(Captioned web images)
◇ ◇ ◇ ◇ ◇

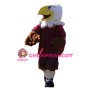 Sport School Eagle Mascot Costume
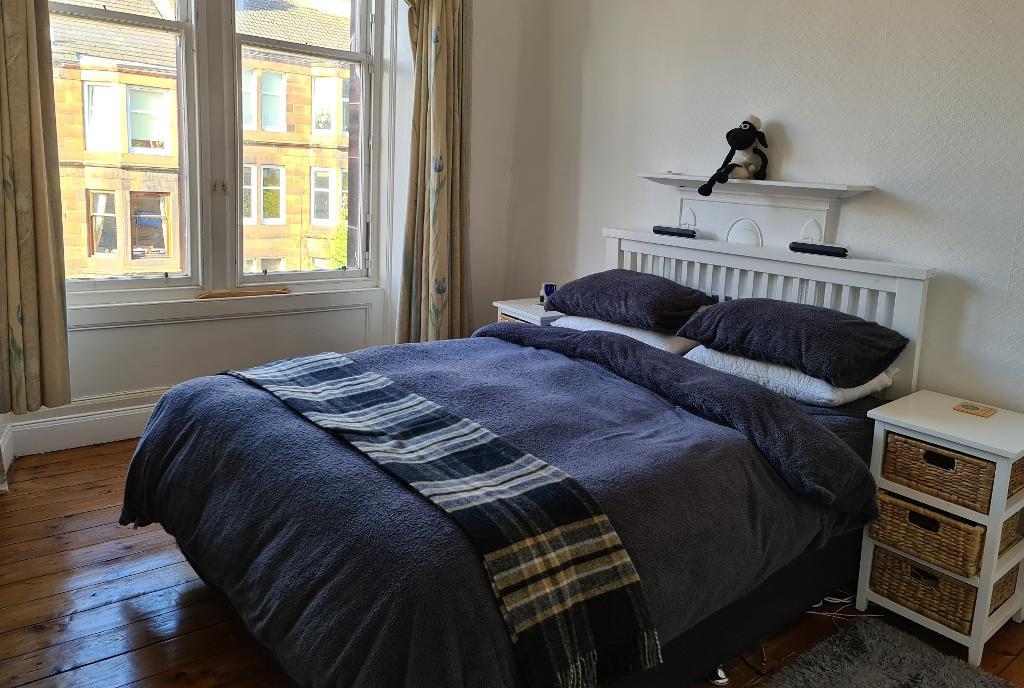 Flat Novar Drive in Glasgow
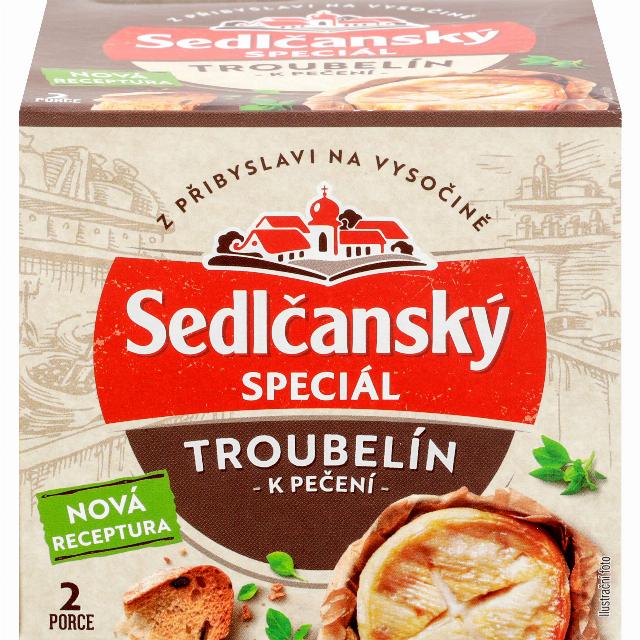 Sedlčanský speciál Troubelín k pečení do trouby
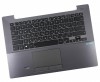Tastatura Asus Zenbook UX302LG Neagra cu Palmrest Gri cu TouchPad iluminata backlit. Keyboard Asus Zenbook UX302LG Neagra cu Palmrest Gri cu TouchPad. Tastaturi laptop Asus Zenbook UX302LG Neagra cu Palmrest Gri cu TouchPad. Tastatura notebook Asus Zenbook UX302LG Neagra cu Palmrest Gri cu TouchPad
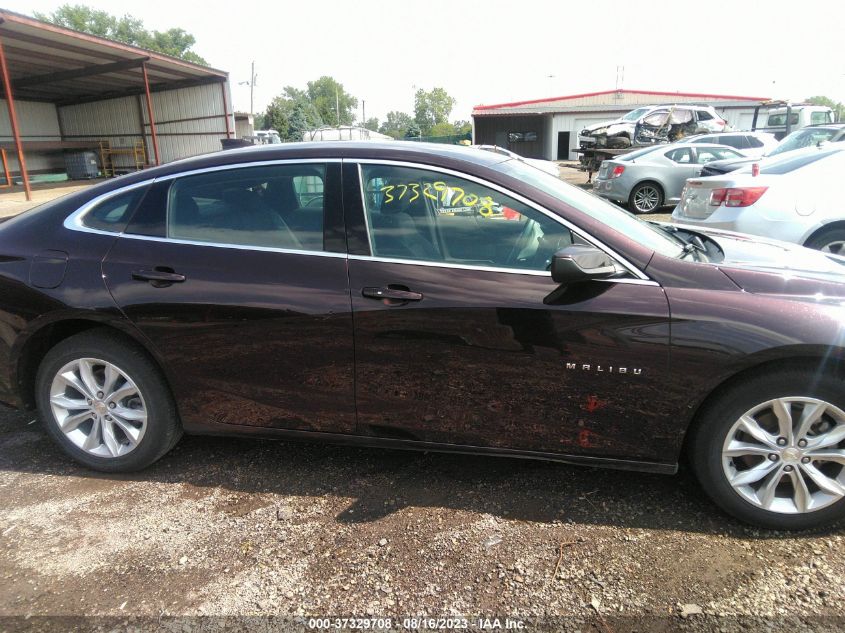 2020 CHEVROLET MALIBU LT - 1G1ZD5ST6LF012485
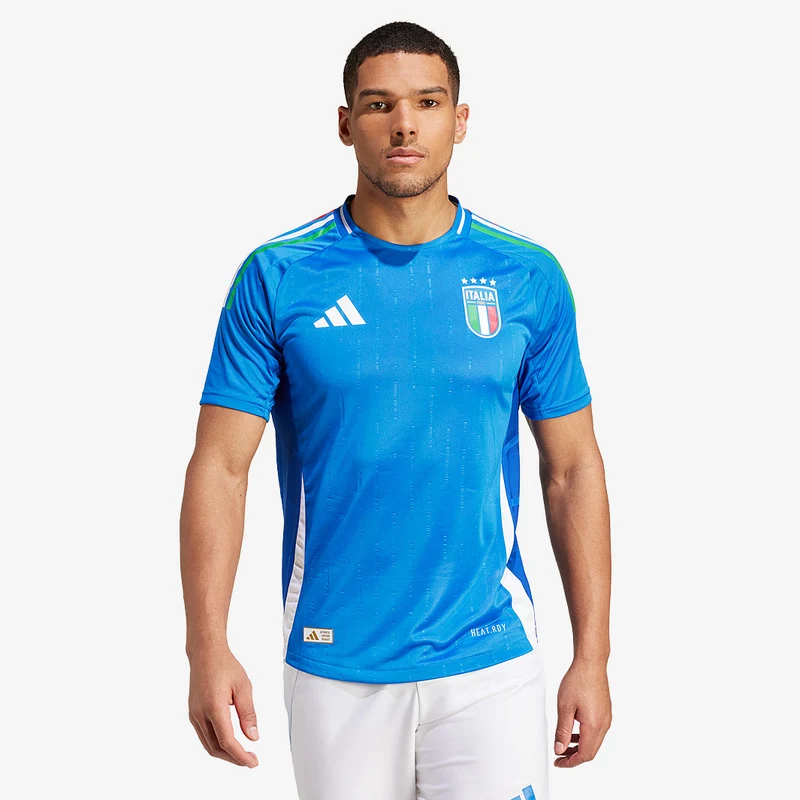 adidas Men Maillot Domicile Italie 2024 Authentique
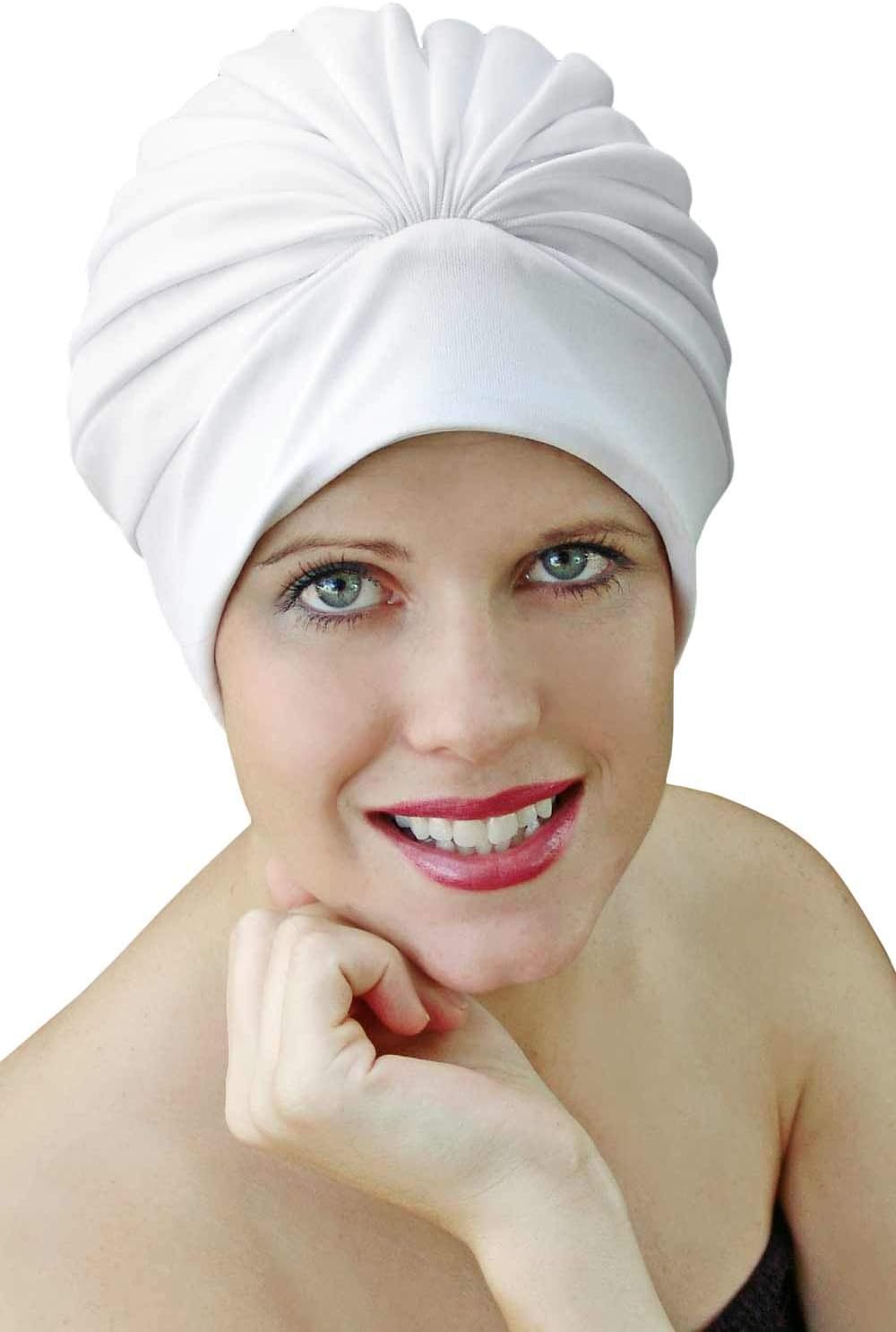 Shower and Swim Cap in One I Vintage Retro Bathing Cap Hat
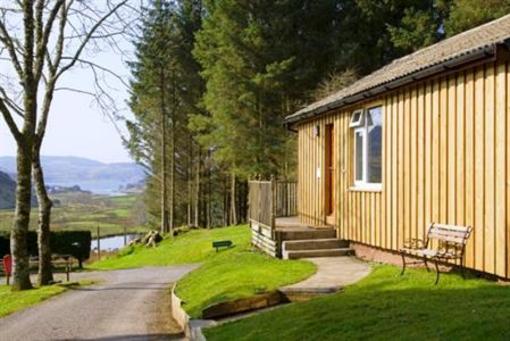 фото отеля Lagnakeil Highland Lodges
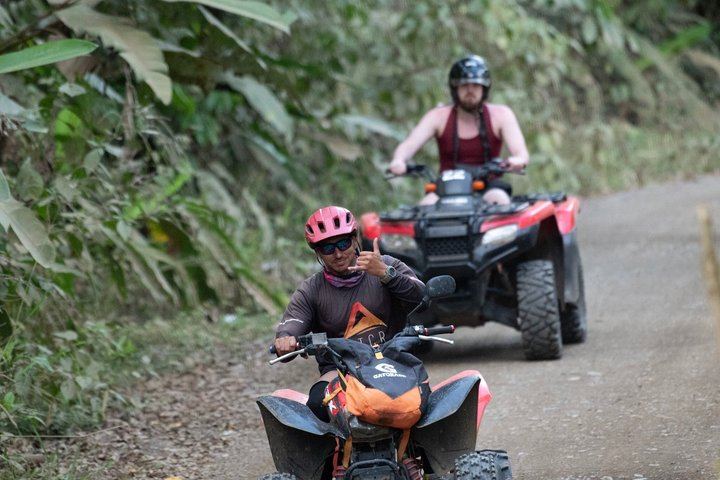 4-Hour Jaco ATV Ride: Swimming Waterfall and Lunch at a Bijagual Tilapia Farm (10/12)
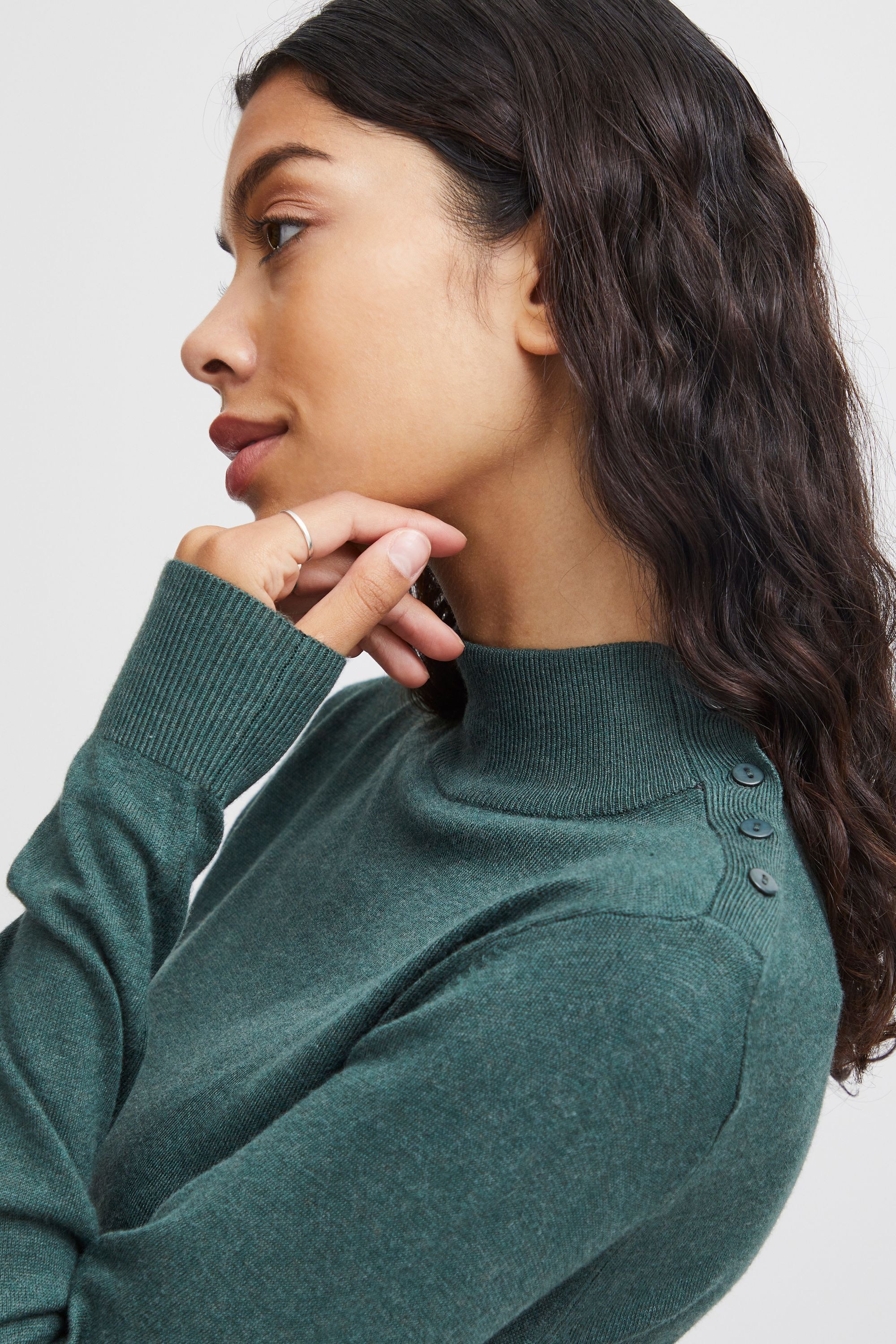 b.young Strickpullover »Strickpullover BYMmpimba«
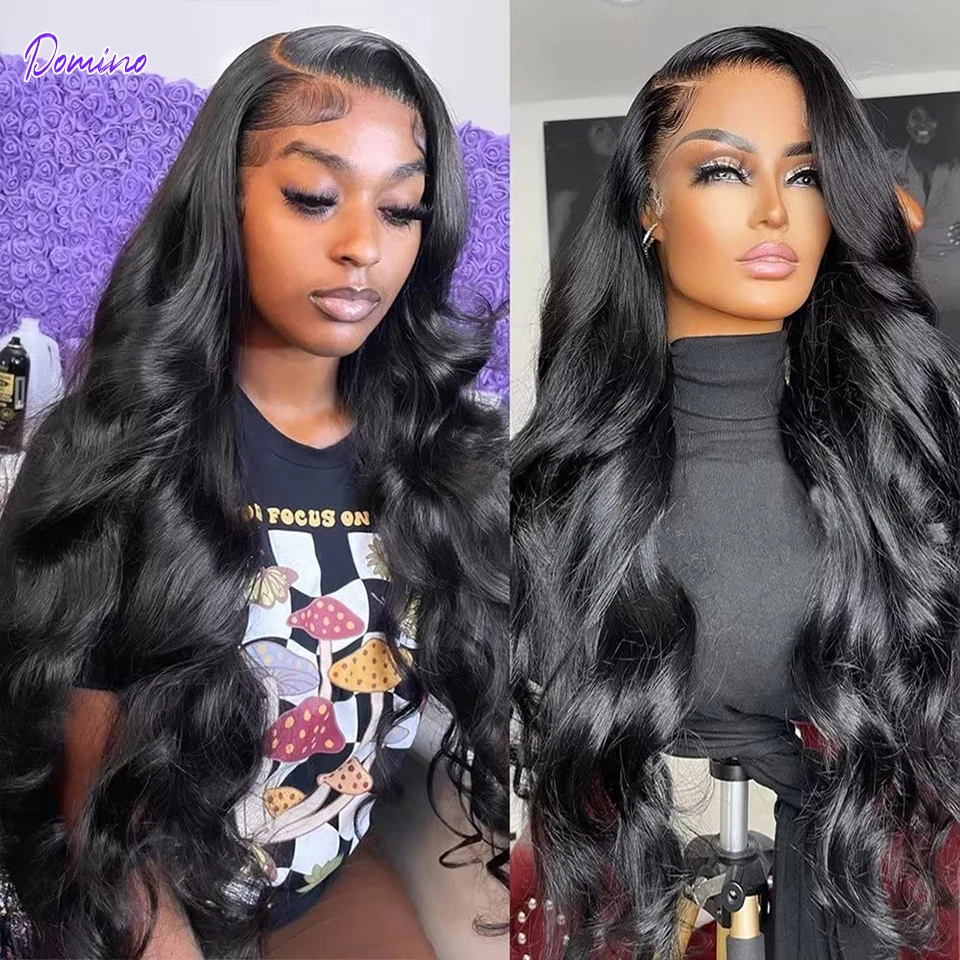 Top Trends: Body Wave Lace Front Human Hair Wigs 13x4 HD Transparent Lace Frontal Wig For Women Brazilian Remy Closure Wig With Baby Hair Shoppable Styles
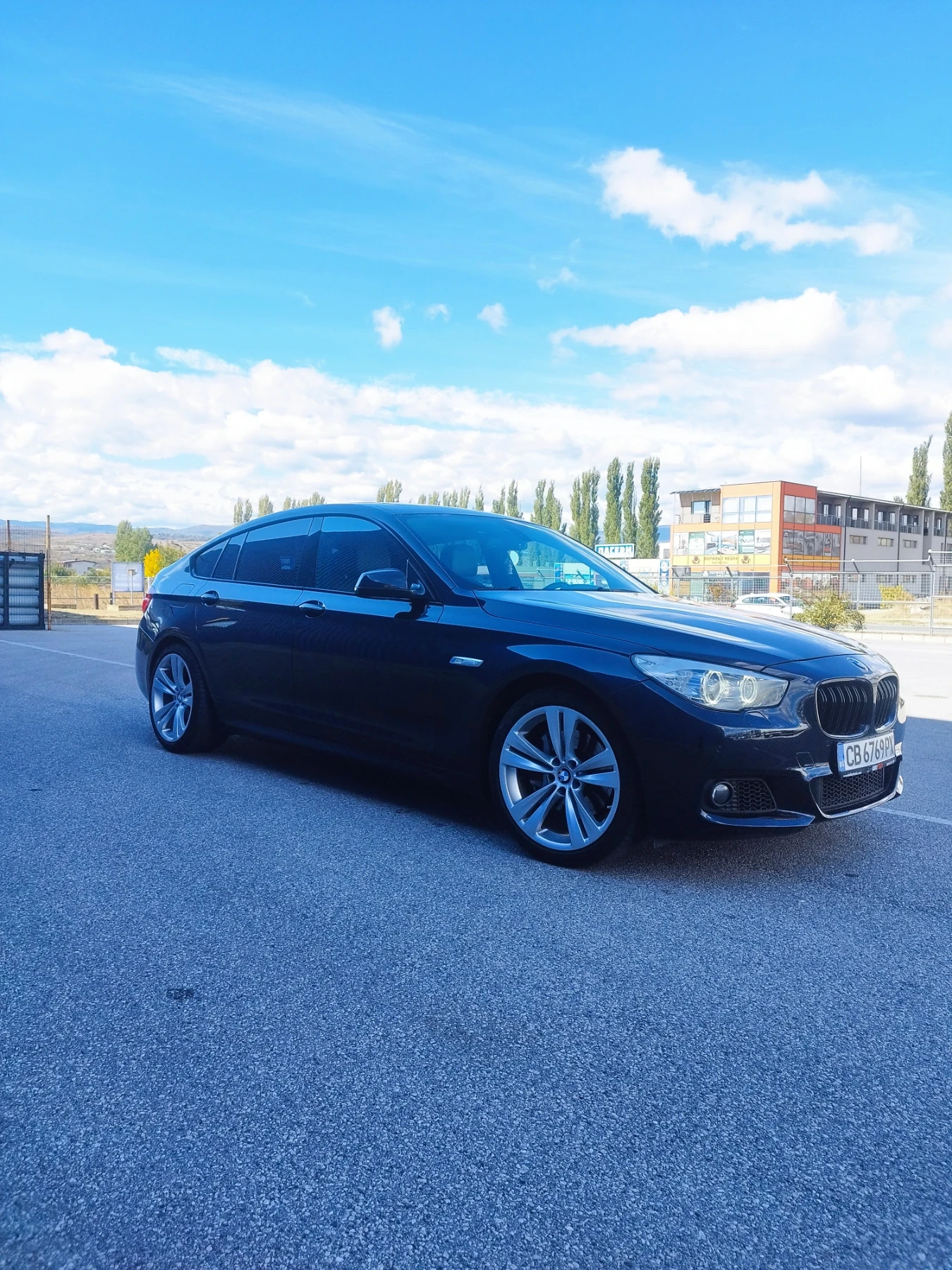 BMW 5 Gran Turismo 535d xDrive M-packet TV 360  | Mobile.bg � ����������� 2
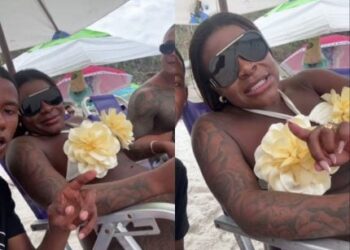 Após discussão com ambulante, Jojo Todynho entrega R$ 50 a vendedores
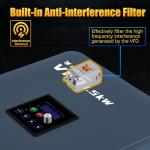 FoxAlien 1.5KW CNC Spindle Motor Kit 24000 RPM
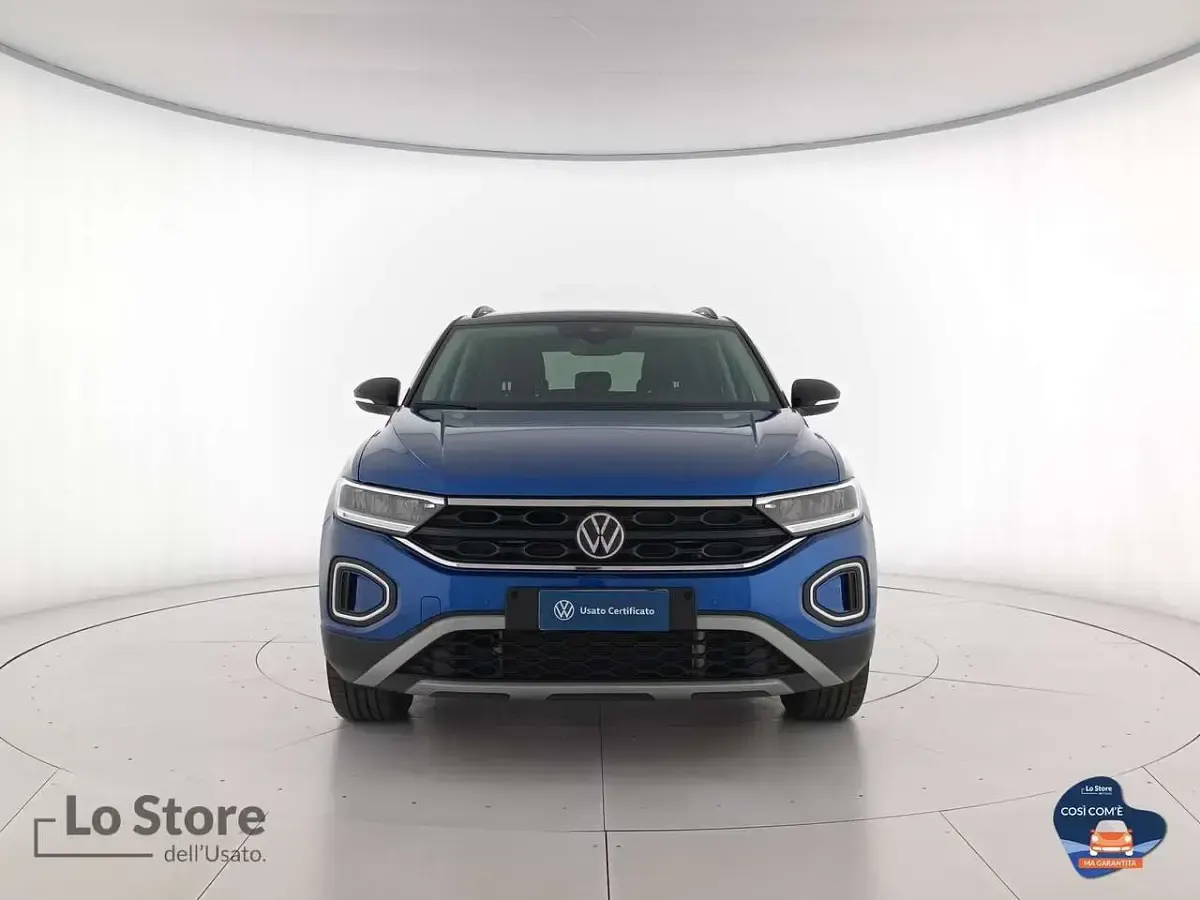 Usata VW T-Roc Edition 150 CV (110 kW) 2025 Ravenna blue metallizzato nero SUV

◇ ◇ ◇ ◇ ◇

Problem to solve: Return only the lines from the line containing "Top Trends: Body" through the last line of the records above, both ends included, exactly as written, leaving pictures out.

Task solution:
 Top Trends: Body Wave Lace Front Human Hair Wigs 13x4 HD Transparent Lace Frontal Wig For Women Brazilian Remy Closure Wig With Baby Hair Shoppable Styles
 BMW 5 Gran Turismo 535d xDrive M-packet TV 360  | Mobile.bg � ����������� 2
 Após discussão com ambulante, Jojo Todynho entrega R$ 50 a vendedores
 FoxAlien 1.5KW CNC Spindle Motor Kit 24000 RPM
 Usata VW T-Roc Edition 150 CV (110 kW) 2025 Ravenna blue metallizzato nero SUV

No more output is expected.